The four Saad siblings of the Galilee Quartet, now based in Paris, delivered a unique performance at Milton Court in London, blending classical Western music with Eastern improvisation. The evening began with a strategic opener: Webern's lyrical love-letter Langsamer Satz, the only classical work on the programme. It was as though the quartet wanted to prove they could play it straight, before travelling further and further away from traditional textures and instruments, trading acoustic performance for microphones, swapping strings for voices, percussion and oud.
Formed in 2011, the Palestinian ensemble was forced into hiatus in 2013 when eldest brother Omar was summoned for military conscription by Israel's IDF. Refusing to serve, he was imprisoned as a conscientious objector. The quartet are currently based in Paris, honing their signature blend of east-meets-west music-making.
By the final two pieces, music stands had disappeared too. "We improvise!" Mostafa declared. And, with nothing between them, the siblings at last began to play as they talked: bantering, bickering and sparking off one another, alert to shifting currents of energy and mood in two works composed (like the bulk of the programme) by Mostafa himself: an evocative fusion of Western techniques and colours allied to singing Arabic melodies, clustered with expressive, ornamental detail.
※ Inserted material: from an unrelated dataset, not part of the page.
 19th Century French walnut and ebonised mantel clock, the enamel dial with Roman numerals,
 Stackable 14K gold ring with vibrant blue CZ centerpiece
But much of the evening felt like a work in progress. The Webern was pallid, tuning unsettled and texture ungrounded. Arrangements of Fairouz's Yallah Tnam Rima and Asmahan's Ya Habibi Ta'ala and Emta Hata'raf (all sung with vulnerable, rapt beauty by cellist Tibah) failed to exploit the available instruments. Only Gandhi's Sama'l Eitab – bringing worlds together in a brooding "song of reproach", now flirting with a Piazzolla tango, now a baroque violin cadenza – began to explore what he described as the group's "complicated story as musicians and human beings".